Fine Structure

Fixed vs. Growth Mindsets

Sciencegeekgirl wrote about kids who are rewarded for challenging themselves or consistently told that they're smart and the subsequent outlook on intelligence as a static or dynamic feature in life. This "Growth" vs "Fixed" mindset is something I've definitely thought quite a bit about in the past and comes as little surprise that there's research in this area.

What does come as a surprise is her statement that "I know I'm of the 'Fixed' mindset, and it really hampers me in life." I was definitely encouraged as a child by the idea that I was naturally smart and I can tell you a number of occasions where I was set back because I was challenged and felt that I wasn't smart enough. However, I find that knowing I grew up with the "Fixed" mindset is encouraging because I can tell when I go back to that mindset and I can ignore all those signals about not being smart enough. It makes you wonder how you could possibly compare intelligence when the difference is really only how much effort you put towards it. ]

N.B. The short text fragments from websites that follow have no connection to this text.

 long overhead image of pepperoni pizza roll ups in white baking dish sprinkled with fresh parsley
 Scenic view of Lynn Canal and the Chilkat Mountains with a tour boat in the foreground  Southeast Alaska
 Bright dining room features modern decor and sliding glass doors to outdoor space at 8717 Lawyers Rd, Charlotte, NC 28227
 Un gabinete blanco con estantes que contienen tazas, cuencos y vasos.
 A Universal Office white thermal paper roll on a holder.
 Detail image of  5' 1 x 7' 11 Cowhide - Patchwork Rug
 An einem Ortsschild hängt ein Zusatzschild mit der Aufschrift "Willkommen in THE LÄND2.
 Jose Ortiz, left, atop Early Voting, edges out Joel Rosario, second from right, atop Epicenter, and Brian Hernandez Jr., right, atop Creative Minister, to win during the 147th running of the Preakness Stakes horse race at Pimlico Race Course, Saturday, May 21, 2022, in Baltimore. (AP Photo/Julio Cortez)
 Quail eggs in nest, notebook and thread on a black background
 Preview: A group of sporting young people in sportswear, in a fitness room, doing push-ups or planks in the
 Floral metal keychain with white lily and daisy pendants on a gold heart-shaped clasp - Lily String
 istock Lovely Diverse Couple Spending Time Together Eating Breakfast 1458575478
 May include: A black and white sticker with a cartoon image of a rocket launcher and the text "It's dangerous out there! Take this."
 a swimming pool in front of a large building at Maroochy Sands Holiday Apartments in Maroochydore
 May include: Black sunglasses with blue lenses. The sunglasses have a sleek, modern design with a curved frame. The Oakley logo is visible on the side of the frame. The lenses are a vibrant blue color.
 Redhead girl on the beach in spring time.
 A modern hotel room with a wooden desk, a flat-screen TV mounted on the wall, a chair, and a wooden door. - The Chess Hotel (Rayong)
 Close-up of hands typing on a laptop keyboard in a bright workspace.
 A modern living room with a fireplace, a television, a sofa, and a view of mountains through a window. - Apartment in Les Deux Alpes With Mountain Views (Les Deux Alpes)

Thanks for the note on my posting. I'm a little unclear on what part of my statement surprised you... In case clarification is needed, I don't feel that I was hampered in my life by *knowing* that I was of the 'Fixed' mindset. Rather, I know that being of the 'Fixed' mindset was a detriment in much of my intellectual activity. If I didn't do well on a test, I took it as a real ego blow and felt upset, rather than taking it as a sign that I needed to study harder. Failure stopped me in my tracks, it was somewhat debilitating, instead of serving as a prod to work harder, because I felt that failure meant that I was not worthy.

September 1, 2008
1:53 PM

From sciencegeekgirl

I totally understand the detriment of having a 'Fixed' mindset. The way I think about it, if your first instinct is to feel 'Fixed' and you can catch that, you've had a better experience than someone who's grown up on 'Growth' and knows only that. 'Fixed' hampered you before you could understand it, but you've had both experiences now - you can relate to both!

I suppose you could boil it down to the distinction of "I was hampered" versus "I am hampered." Does that make more sense?